(DIRECTIONS): If pictures appear among the lines below, leave them out while you return exactly the lines from the one with "Antique Persian Kashan" through the one with "457 Admiral Street — Photo 4".

(PROVIDED RECORDS):
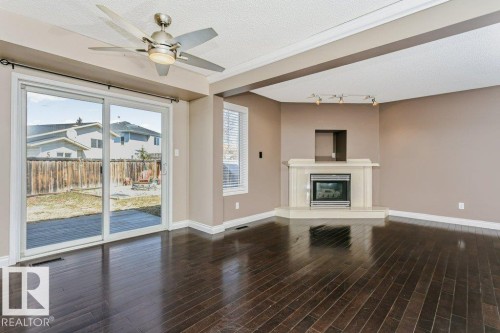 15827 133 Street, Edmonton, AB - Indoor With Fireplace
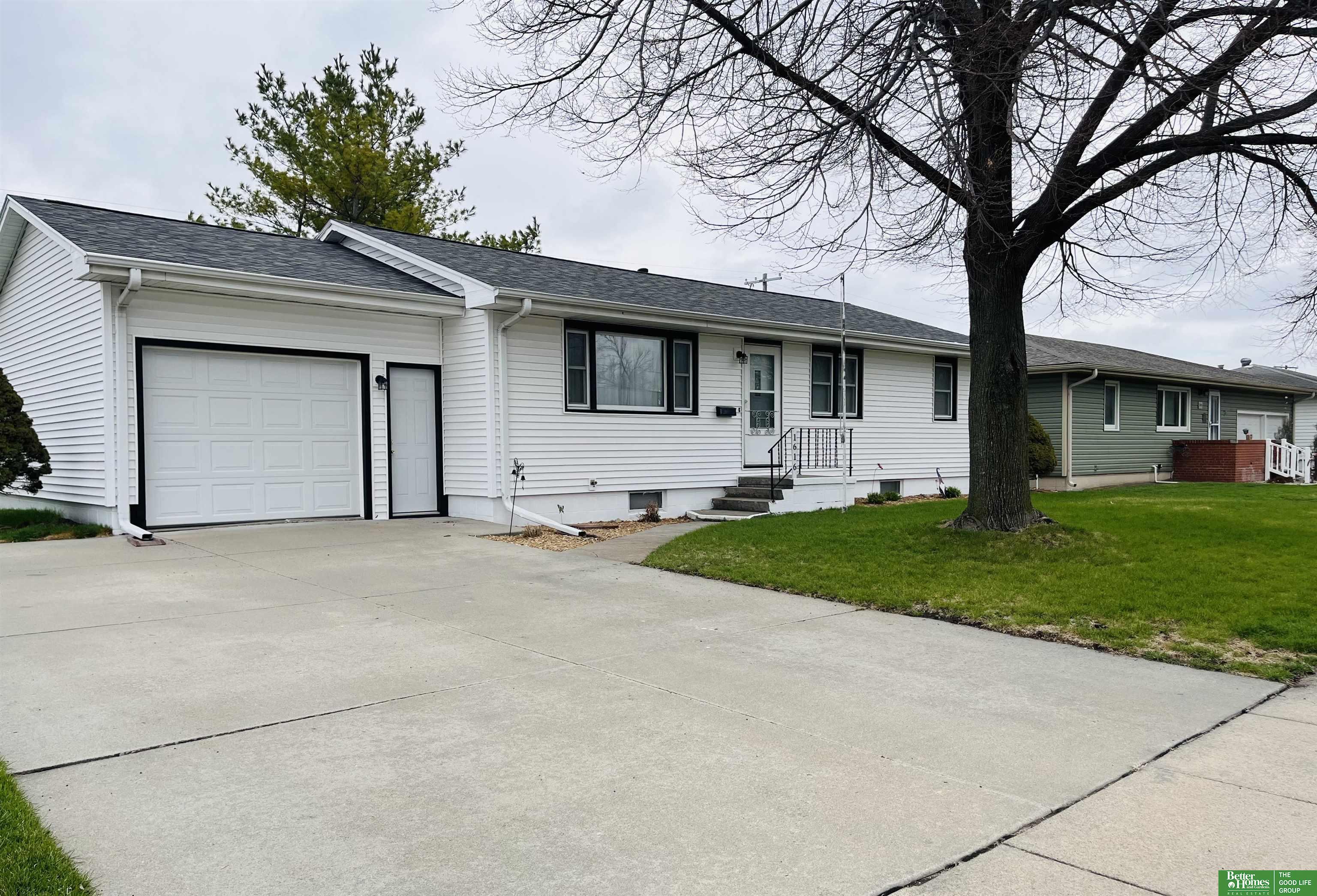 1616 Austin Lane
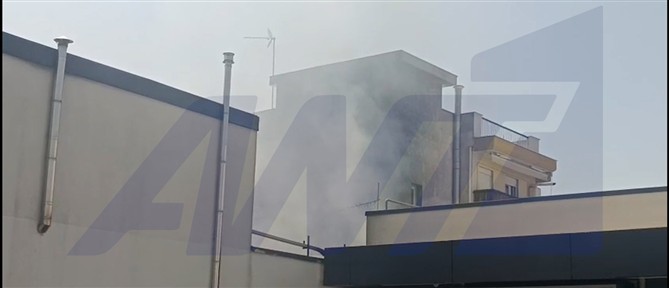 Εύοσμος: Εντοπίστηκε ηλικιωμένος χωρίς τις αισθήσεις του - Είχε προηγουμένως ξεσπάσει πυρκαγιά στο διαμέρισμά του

---

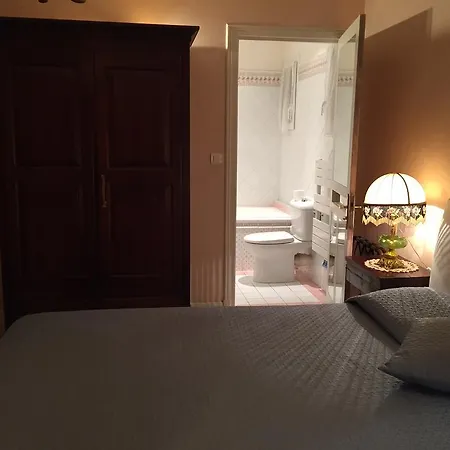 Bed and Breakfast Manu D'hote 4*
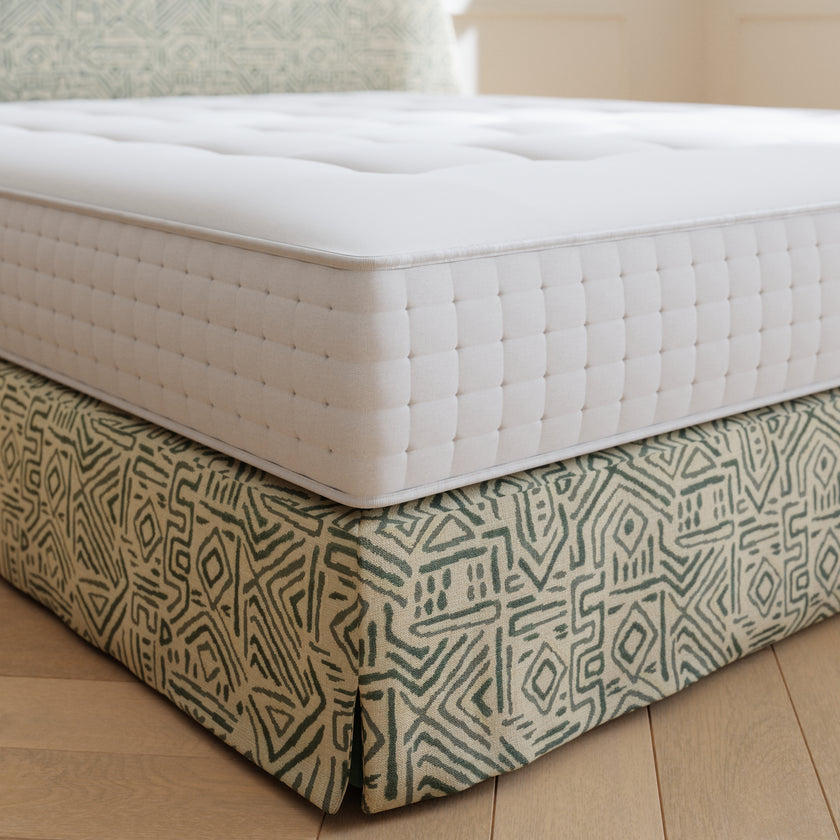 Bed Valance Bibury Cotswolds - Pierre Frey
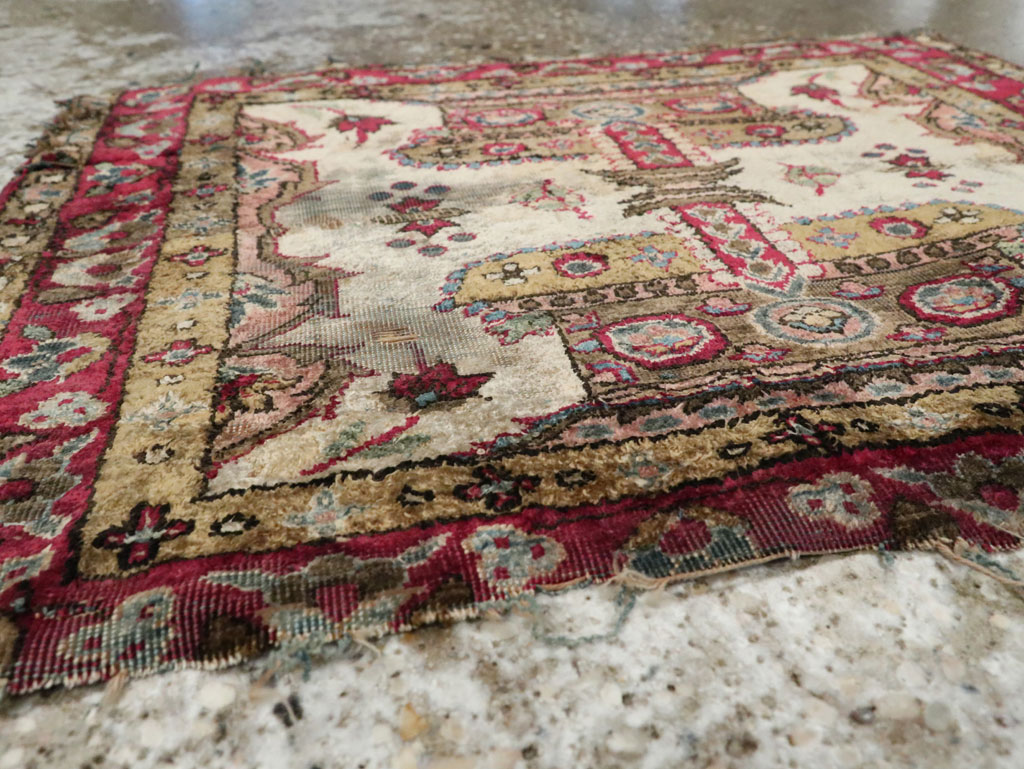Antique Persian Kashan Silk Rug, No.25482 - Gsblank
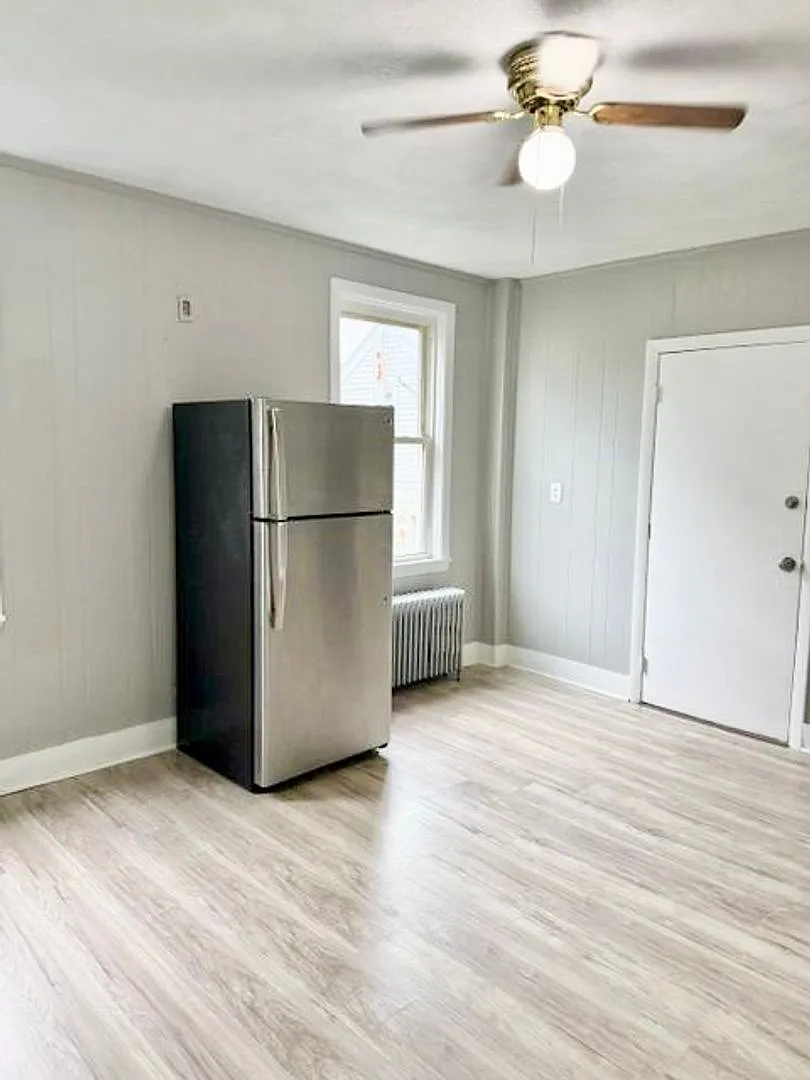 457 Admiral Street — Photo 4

(RESPONSE AREA):
Antique Persian Kashan Silk Rug, No.25482 - Gsblank
 457 Admiral Street — Photo 4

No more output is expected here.